This post will be short, sweet, and authentically grateful. I spent the day preparing and cooking healthy natural food, much of which was harvested from a friend's garden that I had the pleasure of helping to build and plant. Even my most deep-seeded neuroses have trouble finding a way to feel anything but energized and nourished after making delicious, healthy, natural, and healing foods picked directly from the ground. Few endeavors can quiet my relentlessly creative internal critic, but this one comes awfully close. I did, however, recognize that today marked a life "first" that seemed truly absurd...
Throughout my twenties, my main source of income came from working in restaurants. I sometimes look back on these years through a softened, hazy filter, considering them cherished days of doing work I found noble, fulfilling, and interesting. As someone who now makes a living that too often involves sitting in front of a computer, I sometimes wonder how much I idealized my restaurant work because I truly loved it or because I simply associated it with the temporal charm of youth and fewer responsibilities. After spending the day preparing home grown food, I can safely say it is at least both if not primarily the former. But before further professing a love for food and cooking, let me veer back towards the "first" I was surprised to realize I experienced today.
One of my earliest jobs played a significant role in shaping a worldview I still hold today. It was a dishwashing gig at a vegetarian restaurant that I eventually came to manage after a few years. Most of the foods we prepared were purchased from our local farmers market, and I came to love starting my day at 5 AM buying local vegetables for the day's menu (this despite being a somewhat nocturnal twenty-something at the time.) After that rewarding early gig, I also had the further good fortune of working for other restaurants with a mindset towards the local and natural. Despite years of working with these progressive, somewhat hippie-trippy restauranteurs (back in the 90s, no less), I came to realize I have never put a meal together from food I harvested with my own hands from the ground. Sure, I've thrown some home-grown tomatoes and herbs into many dishes cooked at home, but never was the primary source of any meal I prepared procured from food I personally harvested from the earth. This realization seems a little bit crazy to me, if not downright absurd. How is it that something so fundamentally essential to life and human survival has evaded my personal experience for four decades of life?

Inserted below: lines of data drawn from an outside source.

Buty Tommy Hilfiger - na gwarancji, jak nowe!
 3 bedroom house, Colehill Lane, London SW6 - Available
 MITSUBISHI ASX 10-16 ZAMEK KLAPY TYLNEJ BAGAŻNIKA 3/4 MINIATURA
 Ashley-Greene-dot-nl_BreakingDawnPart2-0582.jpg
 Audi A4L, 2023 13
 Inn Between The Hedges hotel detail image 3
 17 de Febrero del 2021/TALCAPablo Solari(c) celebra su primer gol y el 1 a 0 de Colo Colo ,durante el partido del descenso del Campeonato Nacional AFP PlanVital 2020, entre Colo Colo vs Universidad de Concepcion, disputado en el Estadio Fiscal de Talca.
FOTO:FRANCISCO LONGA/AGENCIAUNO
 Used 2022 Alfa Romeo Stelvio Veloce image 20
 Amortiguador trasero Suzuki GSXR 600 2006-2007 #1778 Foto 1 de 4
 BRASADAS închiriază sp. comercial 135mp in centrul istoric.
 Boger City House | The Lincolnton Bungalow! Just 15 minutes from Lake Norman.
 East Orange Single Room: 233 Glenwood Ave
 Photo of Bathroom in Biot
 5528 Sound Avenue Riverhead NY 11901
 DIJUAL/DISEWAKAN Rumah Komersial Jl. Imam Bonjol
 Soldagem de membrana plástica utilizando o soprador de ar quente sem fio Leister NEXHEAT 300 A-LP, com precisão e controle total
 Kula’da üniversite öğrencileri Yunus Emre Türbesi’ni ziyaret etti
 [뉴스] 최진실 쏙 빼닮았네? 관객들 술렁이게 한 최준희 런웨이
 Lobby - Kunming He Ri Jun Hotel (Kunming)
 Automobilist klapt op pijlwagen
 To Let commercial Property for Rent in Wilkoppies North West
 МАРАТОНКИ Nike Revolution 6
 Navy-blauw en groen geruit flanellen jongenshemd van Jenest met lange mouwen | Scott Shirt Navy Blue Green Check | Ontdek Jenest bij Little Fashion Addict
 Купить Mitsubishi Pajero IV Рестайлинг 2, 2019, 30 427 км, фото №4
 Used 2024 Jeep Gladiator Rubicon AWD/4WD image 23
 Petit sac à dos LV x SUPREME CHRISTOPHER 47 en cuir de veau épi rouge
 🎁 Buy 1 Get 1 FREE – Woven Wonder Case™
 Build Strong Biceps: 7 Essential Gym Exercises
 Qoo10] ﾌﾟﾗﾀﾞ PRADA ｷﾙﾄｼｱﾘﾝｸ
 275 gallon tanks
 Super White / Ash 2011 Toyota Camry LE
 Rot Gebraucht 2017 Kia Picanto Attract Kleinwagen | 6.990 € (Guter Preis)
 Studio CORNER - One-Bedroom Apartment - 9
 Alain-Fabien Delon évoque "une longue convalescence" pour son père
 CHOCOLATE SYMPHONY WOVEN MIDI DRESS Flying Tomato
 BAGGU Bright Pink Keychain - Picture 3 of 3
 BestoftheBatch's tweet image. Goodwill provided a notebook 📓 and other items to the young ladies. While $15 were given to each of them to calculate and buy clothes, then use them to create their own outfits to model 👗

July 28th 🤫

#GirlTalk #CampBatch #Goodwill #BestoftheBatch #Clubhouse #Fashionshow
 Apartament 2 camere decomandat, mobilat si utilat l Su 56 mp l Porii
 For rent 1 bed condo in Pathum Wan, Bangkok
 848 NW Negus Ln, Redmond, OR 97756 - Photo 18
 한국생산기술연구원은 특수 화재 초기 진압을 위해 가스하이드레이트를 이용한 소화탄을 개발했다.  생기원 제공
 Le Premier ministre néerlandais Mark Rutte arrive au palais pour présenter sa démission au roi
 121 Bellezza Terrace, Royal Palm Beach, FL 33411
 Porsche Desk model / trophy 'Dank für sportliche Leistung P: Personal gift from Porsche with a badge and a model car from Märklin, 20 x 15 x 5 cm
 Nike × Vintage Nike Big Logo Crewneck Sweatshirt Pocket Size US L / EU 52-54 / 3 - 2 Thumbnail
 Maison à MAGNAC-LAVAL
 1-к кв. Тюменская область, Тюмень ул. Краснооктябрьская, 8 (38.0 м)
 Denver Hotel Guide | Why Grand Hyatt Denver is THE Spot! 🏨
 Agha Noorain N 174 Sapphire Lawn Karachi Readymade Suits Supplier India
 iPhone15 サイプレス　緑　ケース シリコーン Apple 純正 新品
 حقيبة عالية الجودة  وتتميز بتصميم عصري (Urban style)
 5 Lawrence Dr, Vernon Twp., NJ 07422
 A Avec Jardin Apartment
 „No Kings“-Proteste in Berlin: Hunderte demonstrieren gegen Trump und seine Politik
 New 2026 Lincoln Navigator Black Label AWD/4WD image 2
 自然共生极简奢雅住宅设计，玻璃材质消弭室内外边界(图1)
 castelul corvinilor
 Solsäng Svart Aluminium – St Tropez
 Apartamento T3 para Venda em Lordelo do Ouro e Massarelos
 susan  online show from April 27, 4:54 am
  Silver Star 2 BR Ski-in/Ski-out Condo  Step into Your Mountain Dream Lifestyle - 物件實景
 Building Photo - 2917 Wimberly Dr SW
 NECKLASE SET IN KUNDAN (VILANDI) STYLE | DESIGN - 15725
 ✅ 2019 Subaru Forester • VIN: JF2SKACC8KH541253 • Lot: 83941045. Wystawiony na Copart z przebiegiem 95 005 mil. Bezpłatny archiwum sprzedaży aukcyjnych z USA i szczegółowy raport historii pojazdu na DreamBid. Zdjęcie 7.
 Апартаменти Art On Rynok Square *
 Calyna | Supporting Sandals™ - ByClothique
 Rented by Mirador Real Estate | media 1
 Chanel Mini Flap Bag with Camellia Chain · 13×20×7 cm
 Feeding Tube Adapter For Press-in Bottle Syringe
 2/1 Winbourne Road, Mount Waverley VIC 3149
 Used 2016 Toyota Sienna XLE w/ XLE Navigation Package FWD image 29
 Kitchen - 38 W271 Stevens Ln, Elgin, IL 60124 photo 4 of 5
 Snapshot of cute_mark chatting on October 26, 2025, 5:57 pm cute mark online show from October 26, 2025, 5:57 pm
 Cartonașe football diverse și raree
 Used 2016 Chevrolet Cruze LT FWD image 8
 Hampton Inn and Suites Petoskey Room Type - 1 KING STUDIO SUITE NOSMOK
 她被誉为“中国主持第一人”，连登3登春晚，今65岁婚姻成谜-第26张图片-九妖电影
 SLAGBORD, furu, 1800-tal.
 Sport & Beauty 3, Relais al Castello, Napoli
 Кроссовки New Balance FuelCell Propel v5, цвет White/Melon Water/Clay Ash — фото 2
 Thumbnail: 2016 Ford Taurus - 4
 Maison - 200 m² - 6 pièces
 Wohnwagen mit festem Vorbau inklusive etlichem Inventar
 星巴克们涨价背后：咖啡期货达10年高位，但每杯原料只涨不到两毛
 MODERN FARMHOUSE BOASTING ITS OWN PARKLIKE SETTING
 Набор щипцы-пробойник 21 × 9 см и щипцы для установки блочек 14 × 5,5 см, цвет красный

I am continually astounded that so many primal aspects of my simply staying alive are more dependent on my ability to swipe a debit card than use any innate, "earthly" skills and/or personal resources. Today, however, I felt a reconnection to a greater source, with a more vibrant complexity than that of our sterile, technology-saturated world. I felt like I was harvesting the essential, both literally and metaphorically. That reconnection to the taproot of human history and survival is like coming home having never taken the time to realize how deeply homesick we can allow our modern world to make us feel.